For the most part this document is not concerned with ISpVoice, and so it won't be covered in any detail. Each of the other interfaces, however, will be discussed in depth.

Creating and Initializing the Engine - ISpObjectWithToken

One important thing to realize about the SAPI 5 architecture is that while SAPI knows about TTS Engines, applications only know about TTS voices. The difference between these two is fairly obvious - one engine implementation can potentially support any number of different voices, with the only differences being data files, parameters, etc. What this means at the engine level is that an engine will be created by one of its voices, in a certain sense.

SAPI 5 uses tokens to represent resources available on a computer (see the Object Tokens and Registry Settings White Paper for more details), including TTS voices. These tokens contain the CLSID of the objects they represent, as well as various attributes of those objects. When an application wishes to use a TTS voice, SAPI will get that voice's token from the registry. Through the voice token, an engine will be cocreated using its CLSID. The SpVoice object then queries the engine for the ISpObjectWithToken interface, through which it calls SetObjectToken .

Here is an example of what a voice token might look like in the registry (voices are located under HKEY_LOCAL_MACHINESOFTWAREMICROSOFTSpeechVoicesTokens):

The SetObjectToken call gives the TTS Engine a pointer to the token (and thus the voice) from which it was created, which gives the Engine a chance to initialize itself based on information stored in the token. In the example token above, the VoiceData and VoiceDef keys in the token allow the TTS engine to load the appropriate voice data, once it has a pointer to the token. Similarly, the Lex and LTS subkeys allow the TTS engine to load the appropriate lexicon and letter-to-sound rules.

Again, for more details on registering a TTS engine, see the Object Tokens and Registry Settings White Paper.

Receiving Calls from SAPI - ISpTTSEngine

Once an engine has been created SAPI will begin calling the engine using ISpTTSEngine. ISpTTSEngine has only two methods - GetOutputFormat and Speak.
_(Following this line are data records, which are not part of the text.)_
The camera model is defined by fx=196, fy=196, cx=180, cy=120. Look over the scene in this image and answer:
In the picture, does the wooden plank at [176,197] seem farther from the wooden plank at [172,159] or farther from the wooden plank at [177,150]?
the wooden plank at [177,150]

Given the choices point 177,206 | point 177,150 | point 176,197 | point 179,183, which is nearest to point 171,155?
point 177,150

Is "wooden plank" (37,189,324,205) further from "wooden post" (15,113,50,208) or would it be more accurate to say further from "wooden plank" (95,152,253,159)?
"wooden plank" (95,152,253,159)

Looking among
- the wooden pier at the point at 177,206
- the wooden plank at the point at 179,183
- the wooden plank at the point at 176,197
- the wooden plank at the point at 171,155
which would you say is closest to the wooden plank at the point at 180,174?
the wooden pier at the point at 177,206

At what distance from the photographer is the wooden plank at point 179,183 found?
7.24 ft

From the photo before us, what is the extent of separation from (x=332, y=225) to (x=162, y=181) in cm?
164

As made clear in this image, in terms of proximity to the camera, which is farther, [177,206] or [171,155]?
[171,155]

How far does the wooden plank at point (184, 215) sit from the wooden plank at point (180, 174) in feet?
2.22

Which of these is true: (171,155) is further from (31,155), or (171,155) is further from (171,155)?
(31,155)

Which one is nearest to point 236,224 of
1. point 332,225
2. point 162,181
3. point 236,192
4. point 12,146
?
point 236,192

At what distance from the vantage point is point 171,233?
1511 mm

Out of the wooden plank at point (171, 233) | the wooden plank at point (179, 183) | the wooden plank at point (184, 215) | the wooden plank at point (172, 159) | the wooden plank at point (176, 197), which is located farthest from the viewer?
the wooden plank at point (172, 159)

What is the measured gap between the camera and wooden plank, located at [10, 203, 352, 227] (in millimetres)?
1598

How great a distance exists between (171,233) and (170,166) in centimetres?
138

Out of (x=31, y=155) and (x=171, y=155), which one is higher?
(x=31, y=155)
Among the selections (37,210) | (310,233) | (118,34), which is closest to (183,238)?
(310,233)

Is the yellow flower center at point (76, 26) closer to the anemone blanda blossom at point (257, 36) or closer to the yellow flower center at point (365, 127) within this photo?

GetOutputFormat is used to query the engine about a specific output format - the engine should examine the desired output format and return to the SpVoice object the closest format which it supports. This function may potentially be called many times during the life of the engine.

HRESULT GetOutputFormat(

[in] const GUID * pTargetFmtId,

[in] const WAVEFORMATEX * pTargetWaveFormatEx,

[out] GUID * pOutputFormatId,

[out] WAVEFORMATEX ** ppCoMemOutputWaveFormatEx

);

In the normal case, pTargetFmtId will be SPDFID_WaveFormatEx, and pTargetWaveFormatEx will be a pointer to a WAVEFORMATEX structure describing the desired output format. In this case, the engine should set pOutputFormatId to SPDFID_WaveFormatEx, allocate space (using ppCoMemOutputWaveFormatEx) for a WAVEFORMATEX structure, and set it to the closest format to pTargetWaveFormatEx it supports.

If pTargetFmtId is NULL, the engine should simply return to SAPI its default format.

NOTE: If pTargetFmtId is SPDFID_Text, engines can do whatever they please. Essentially, this format type if provided for debugging purposes - it is not required that any engine support this for SAPI 5.0 compliance, nor is it required that engines to do anything specific with this format if they do support it.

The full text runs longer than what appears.